"No you couldn't," returned Big Jim, positively, "not if you were to lecture all the rest of the year."
"Well," responded Professor Ditson soothingly, "suppose we discuss your hobby, which I understand is precious stones."
"Now you're talking," returned the other, enthusiastically, "I suppose I've about the finest collection of gems in this country, and in some lines perhaps the best on earth. Take pearls, for instance," he boasted. "Why, Professor Ditson, some boys right here in Cornwall helped me get the finest examples of pink and blue pearls that there are in any collection. When it comes to emeralds, there are half a dozen collectors who beat me out. What's all this dope you have about them, anyway?"
"Last year," replied the other, "I was in Peru at a time when they were repairing one of the oldest cathedrals in that country. A native workman, knowing that I was interested in rarities of all kinds, brought me an old manuscript, which turned out to be a map and a description of the celebrated Lake of Eldorado."
"That's the name of one of those dream places," interrupted Mr. Donegan, impatiently. "I've no time to listen to dreams."

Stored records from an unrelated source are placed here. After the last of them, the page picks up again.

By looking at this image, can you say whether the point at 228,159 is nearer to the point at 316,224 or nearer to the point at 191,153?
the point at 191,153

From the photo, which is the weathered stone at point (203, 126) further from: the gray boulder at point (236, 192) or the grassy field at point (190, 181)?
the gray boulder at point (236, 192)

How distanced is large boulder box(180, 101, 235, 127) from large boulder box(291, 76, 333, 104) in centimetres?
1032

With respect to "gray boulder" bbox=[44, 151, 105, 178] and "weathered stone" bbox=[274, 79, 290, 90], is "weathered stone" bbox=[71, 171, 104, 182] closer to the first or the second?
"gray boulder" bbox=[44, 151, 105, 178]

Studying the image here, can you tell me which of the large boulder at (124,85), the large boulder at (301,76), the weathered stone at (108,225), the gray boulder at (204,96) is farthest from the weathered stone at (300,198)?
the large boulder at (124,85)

Professor Ditson was much incensed.
"Sir," he returned austerely, "I deal in facts, not in dreams. I have traveled one thousand miles to see you, but if you can not speak more civilly, I shall be compelled to terminate this interview and go to some one with better manners and more sense."

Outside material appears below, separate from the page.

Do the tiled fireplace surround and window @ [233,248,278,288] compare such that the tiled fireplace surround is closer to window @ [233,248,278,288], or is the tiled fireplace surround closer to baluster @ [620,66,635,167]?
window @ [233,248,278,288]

"Just what I was going to suggest," murmured Big Jim, taken aback, but much pleased by the professor's independence. "So long, however, as you've beat me to it, go on. I'll hear you out anyway."

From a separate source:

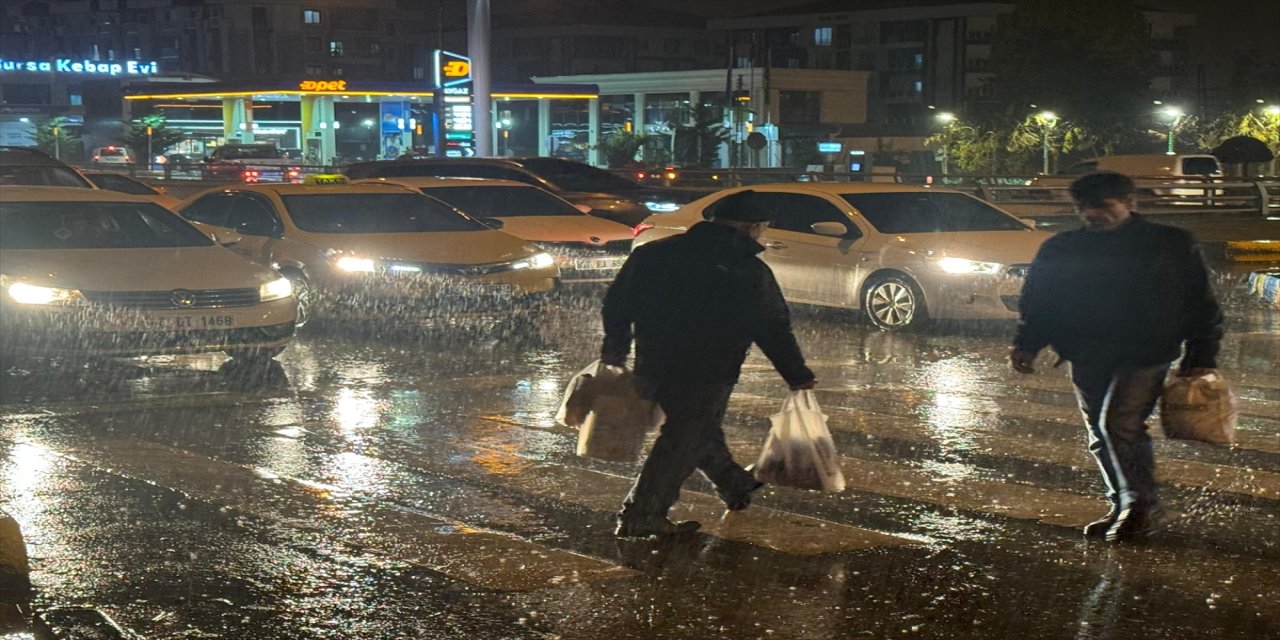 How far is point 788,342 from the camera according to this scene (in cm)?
633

Professor Ditson stared at him sternly.
"For nearly four hundred years," he began at last, "there have been legends of a sacred lake somewhere in Bolivia or Peru. Once a year, before the Spanish conquest, the chief of the Incas, the dominant race of Peru, covered with gold-dust, would be ferried out to the center of this lake. There he would throw into the lake the best emerald that had been found in their mines during the year and then leap in himself. At the same time the other members of the tribe would stand on the shores with their backs to the lake and throw into the water over their shoulders emeralds and gold ornaments."